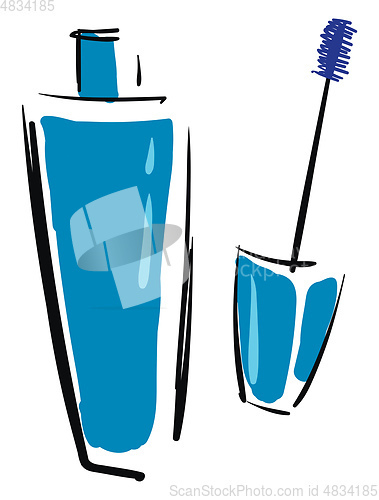 Image of Blue mascara vector or color illustration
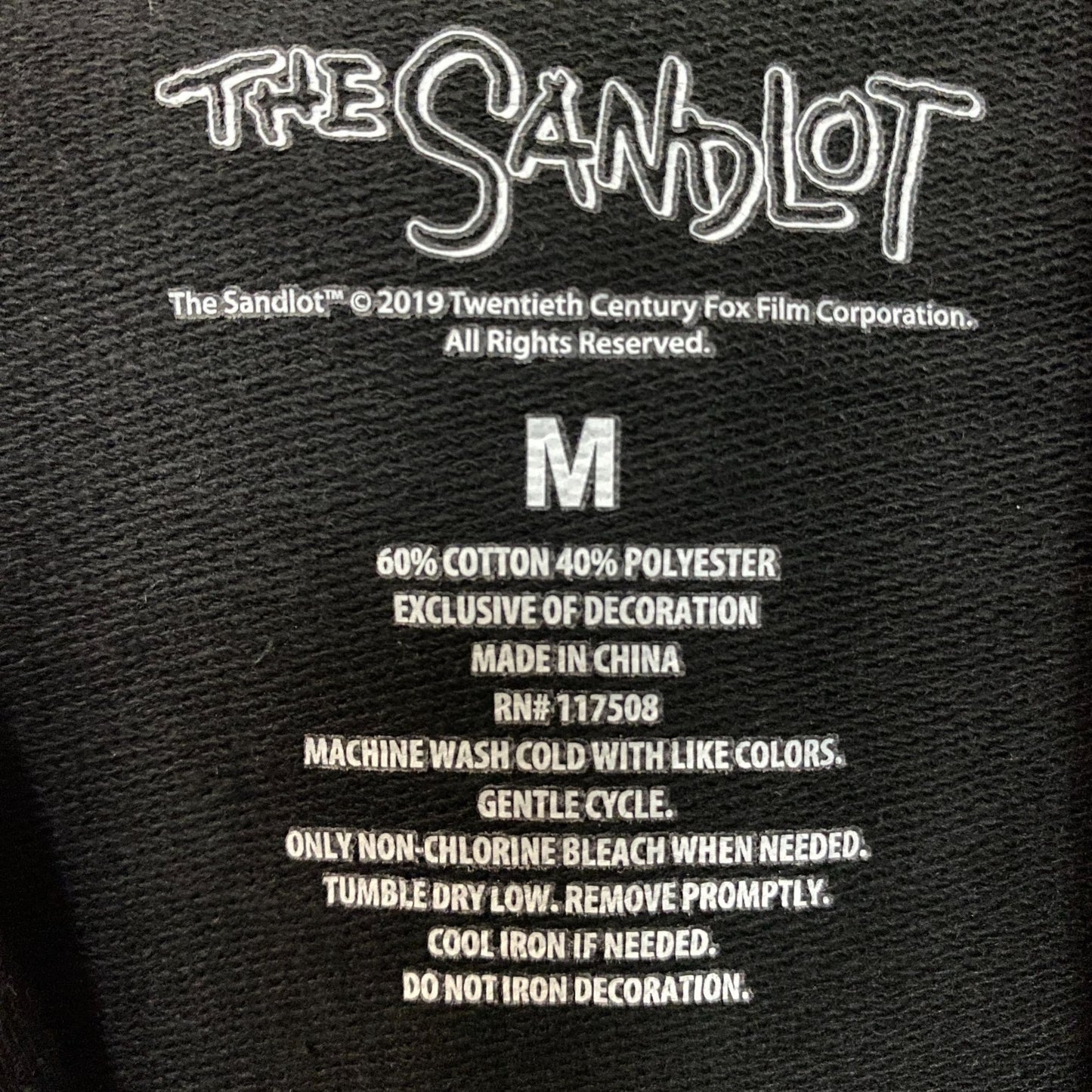 The Sandlot Baseball Movie Short Sleeve Hoodie size Medium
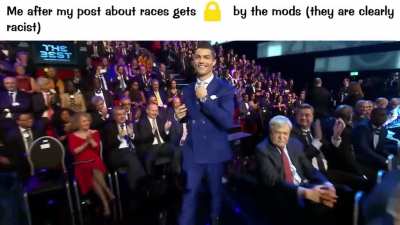 Cristiano Ronaldo getting a award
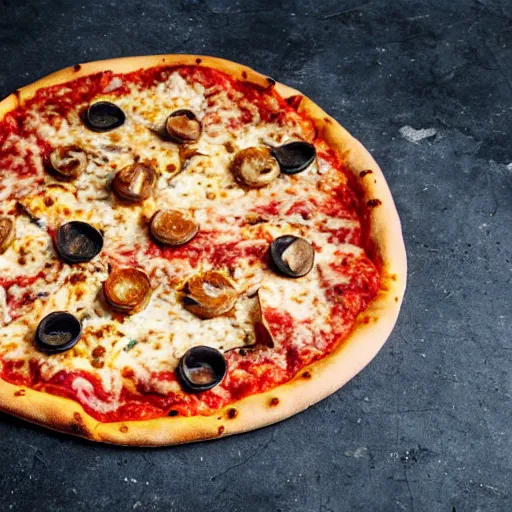 Prompt: A pizza made of wood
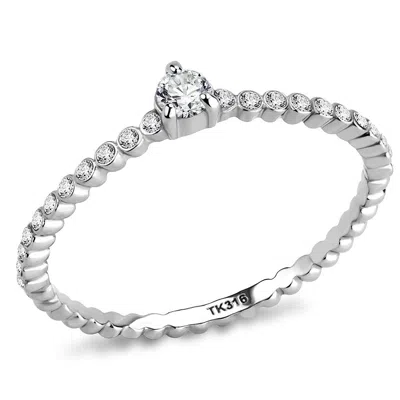 Fashnzfab No Plating Stainless Steel Ring With Aaa Grade Cz In Clear In Metallic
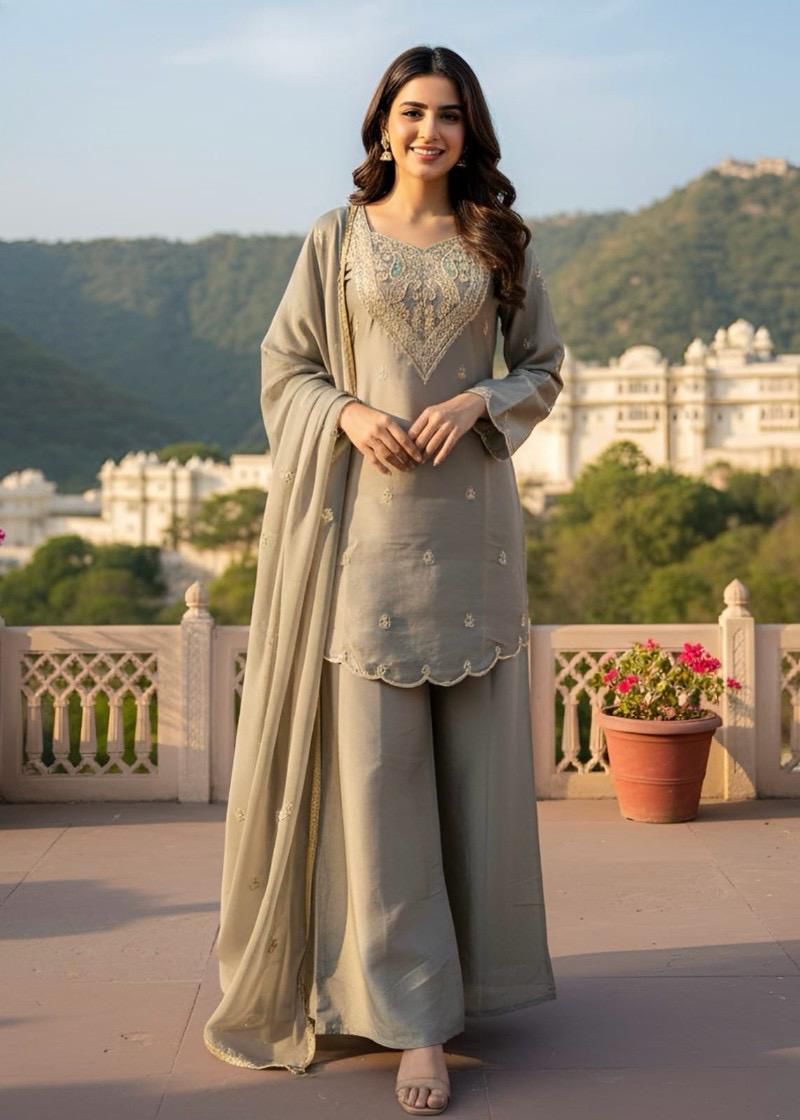 🌷🦋BEAUTIFUL HANDWORK PLAZO SET IN TWO SHADES 🦋🌷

** Task description **
A faithful copy is needed: reproduce all of the data above, leaving the pictures out.

** Finished exercise **
 Image of Blue mascara vector or color illustration
 The Sandlot Baseball Movie Short Sleeve Hoodie size Medium
 Cristiano Ronaldo getting a award
 Prompt: A pizza made of wood
 Fashnzfab No Plating Stainless Steel Ring With Aaa Grade Cz In Clear In Metallic
 🌷🦋BEAUTIFUL HANDWORK PLAZO SET IN TWO SHADES 🦋🌷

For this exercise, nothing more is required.